This month’s surprise decision to hold back from more help for the economy was unanimously agreed by Bank of England rate-setters.
The Monetary Policy Committee (MPC) held rates at 0.5 per cent two weeks ago, but caught markets off-guard by leaving the scale of its quantitative easing (QE) programme unchanged at £125 billion.
Minutes of the MPC’s meeting said there “had not been enough clear evidence” to suggest the QE programme – effectively printing money – should be changed.
The committee will reassess the strategy in the light of the Bank’s latest detailed forecasts on inflation and growth due next month, the minutes added.
Although the MPC noted that corporate credit markets had improved, it will await more reliable figures on growth in the money supply before making a decision on QE.
The committee said survey data signalled a smaller contraction in the economy during the second quarter of the year than seemed likely two months earlier, when it decided to boost QE by £50 billion.
The Bank’s last set of forecasts predicted the Consumer Prices Index – which the MPC is charged with keeping at two per cent – to be well below target, although inflation is proving stickier than the committee expected.
“The surveys suggested that the momentum going into the second half of the year was greater than the committee had expected in May and the near-term inflation outlook may be a little higher,” the minutes said.
The committee is confident that factors such as its own stimulus measures, a weaker pound and firms returning to production will boost activity. But it underlined that the weakness in the banking sector would hamper a strong recovery.

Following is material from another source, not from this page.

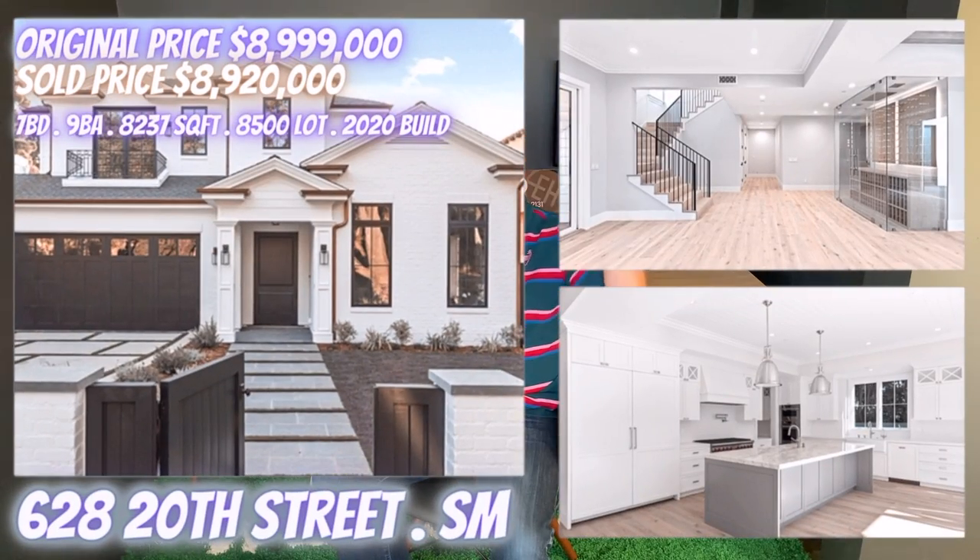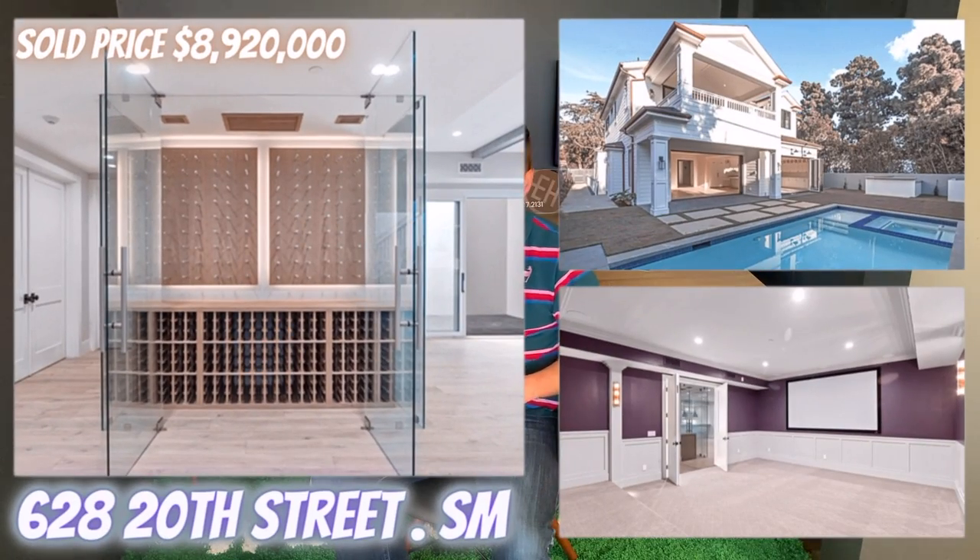Quarter four's highest sale was 628 20th Street, also north of Montana. This was also a 2020 build with 7 bedrooms, 9 bathrooms, and 8,200 square feet — again made possible with a California basement — on an 8,500 square foot lot. Current mansionization parameters aren't allowing such homes to be built above ground, but if you go with a basement, you can definitely take advantage of that and add more square footage.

“Most obviously the balance sheets of the financial sector at home and abroad needed to adjust. That would restrain lending and could hold back the recovery in the global economy,” the minutes added.
Jonathan Loynes, of Capital Economics, said the minutes of the meeting were “less dovish” than expected.
“Not only did the committee conclude that the near-term downside risks to GDP had probably diminished, but the near-term peak in inflation was likely to be higher than previously expected.
“Accordingly, no members felt the need immediately to extend the QE programme and it does not appear that the committee has yet asked the Chancellor for permission for more asset purchases beyond the £150 billion already sanctioned.”